I first explore how populism has historically shaped conceptions of corporate purpose in the United States. While the "employee" conceptual category best encapsulates the perceived interests of average working people in the non-financial context, the "depositor" conceptual category best encapsulates their perceived interests in the financial context. Accordingly, American populism has long fostered strong emphasis on the interests of bank depositors, resulting in striking corporate architectural strategies aimed at reducing risk-taking to ensure firm sustainability - notably, imposing heightened fiduciary duties on directors and personal liability on shareholders. I then turn to the crisis, arguing that growing shareholder-centrism over recent decades goes a long way toward explaining excessive risk-taking in financial firms - a conclusion rendering post-crisis reforms aimed at further strengthening shareholders a surprising and alarming development. While populism has remained a powerful political force, it has expressed itself differently in this new environment, fueling a crisis narrative and corresponding corporate governance reforms that not only fail to acknowledge the role of equity market pressures toward excessive risk-taking in financial firms, but that effectively reinforce such pressures moving forward.
I conclude that potential corporate governance reforms most worthy of consideration include those aimed at accomplishing precisely the opposite, which may require resurrecting corporate architectural strategies embraced in the past to reduce risk-taking in financial firms. As a threshold matter, however, we must first grapple effectively with a more fundamental and pressing social and political problem - the popular misconception that financial firms exist merely to maximize stock price for the short-term benefit of their shareholders.
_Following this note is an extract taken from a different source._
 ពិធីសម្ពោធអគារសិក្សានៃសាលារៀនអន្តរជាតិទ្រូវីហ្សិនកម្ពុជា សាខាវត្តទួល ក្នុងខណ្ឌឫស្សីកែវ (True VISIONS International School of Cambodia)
I don't agree with all of his arguments or conclusions, but he raises a lot of important issues. I would limit the discussion to systemically important financial institutions. My preferred solution would be to solve the "too big to fail" problem by capping the size of large financial institutions at a level at which their failure would not jepoardize the entire financial system and thereby solve the moral hazard problem created by the implicit taxpayer guarantee currently enjoyed by TBTF institutions.
If that proves politically or economically infeasible, however, I'm prepared to consider corporate governance reforms at such banks--perhaps including creating a fiduciary duty for managers of TBTF institutions running to taxpayers--as a second best solution.